■ **WHAT THE EXERCISE ASKS**: Every line of the data below must be output exactly, with images left out.

■ **DATA**:
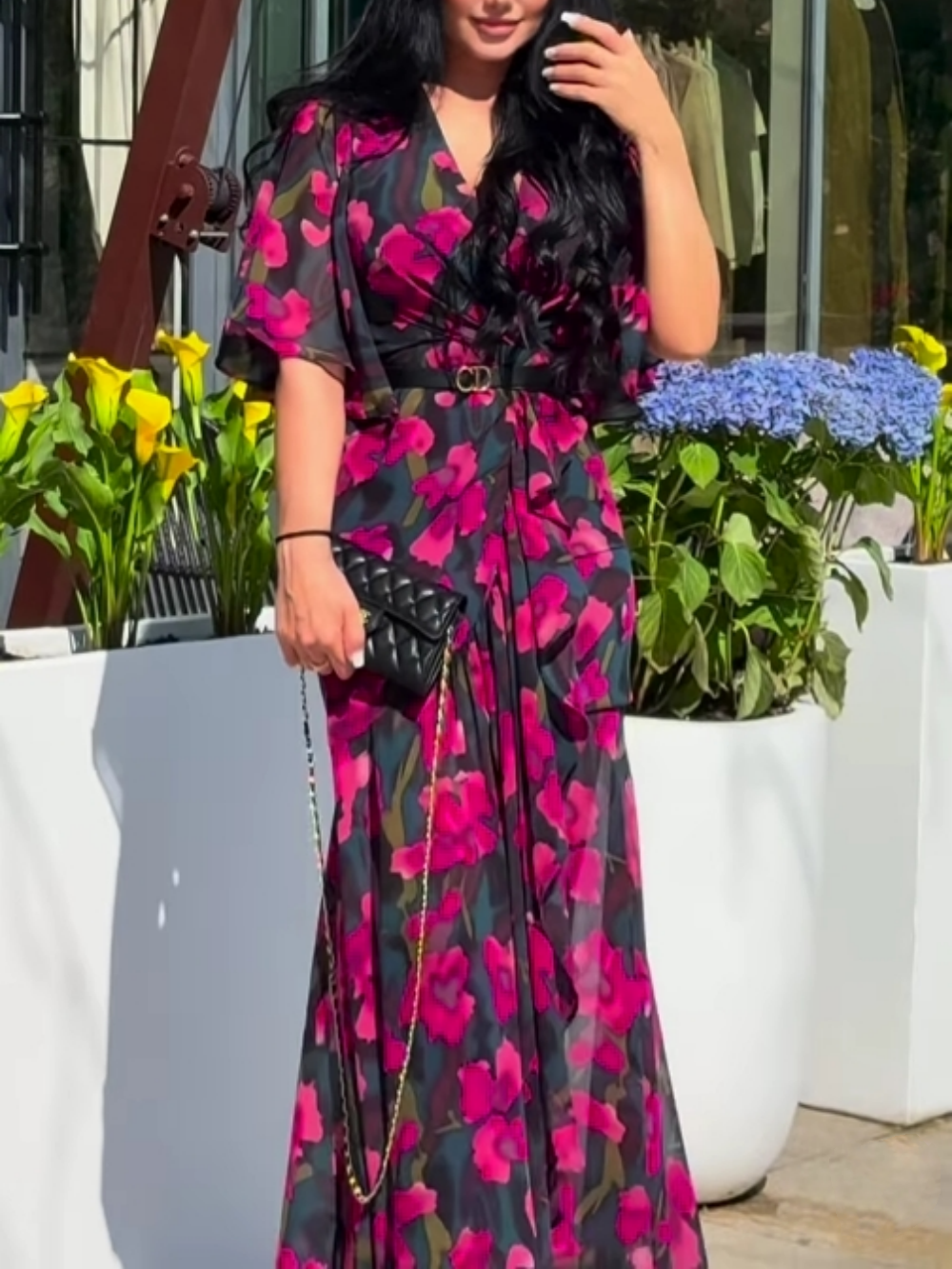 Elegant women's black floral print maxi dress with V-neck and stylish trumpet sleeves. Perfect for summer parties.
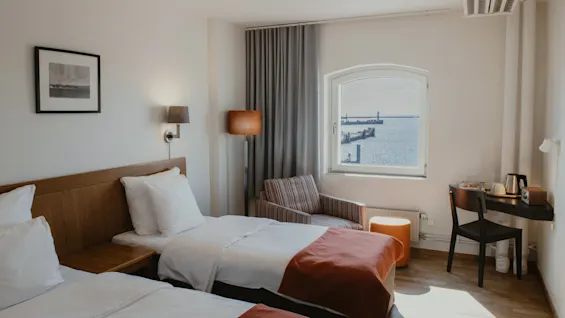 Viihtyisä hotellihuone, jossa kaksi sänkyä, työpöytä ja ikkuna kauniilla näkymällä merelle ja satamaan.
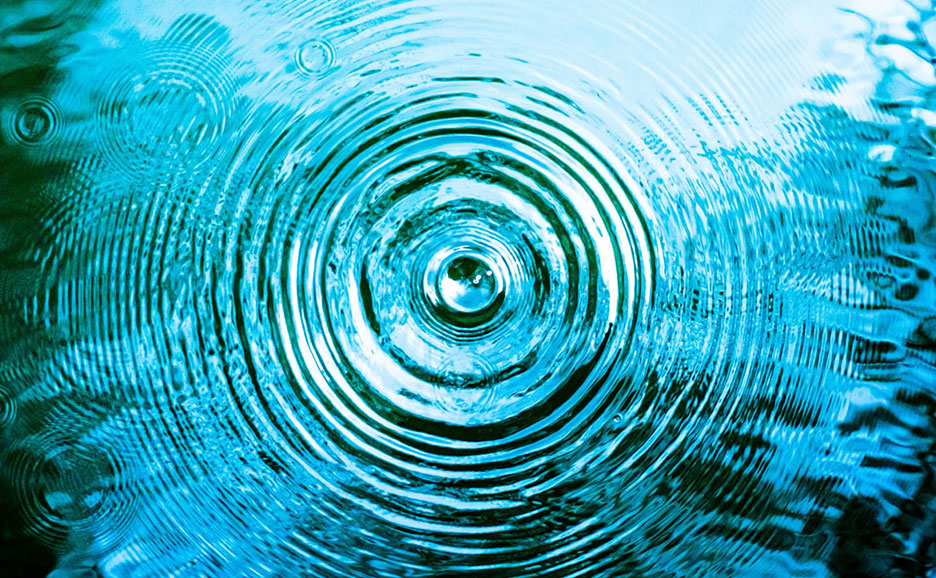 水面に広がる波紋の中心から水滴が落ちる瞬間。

■ **WRITTEN ANSWER**:
 Elegant women's black floral print maxi dress with V-neck and stylish trumpet sleeves. Perfect for summer parties.
 Viihtyisä hotellihuone, jossa kaksi sänkyä, työpöytä ja ikkuna kauniilla näkymällä merelle ja satamaan.
 水面に広がる波紋の中心から水滴が落ちる瞬間。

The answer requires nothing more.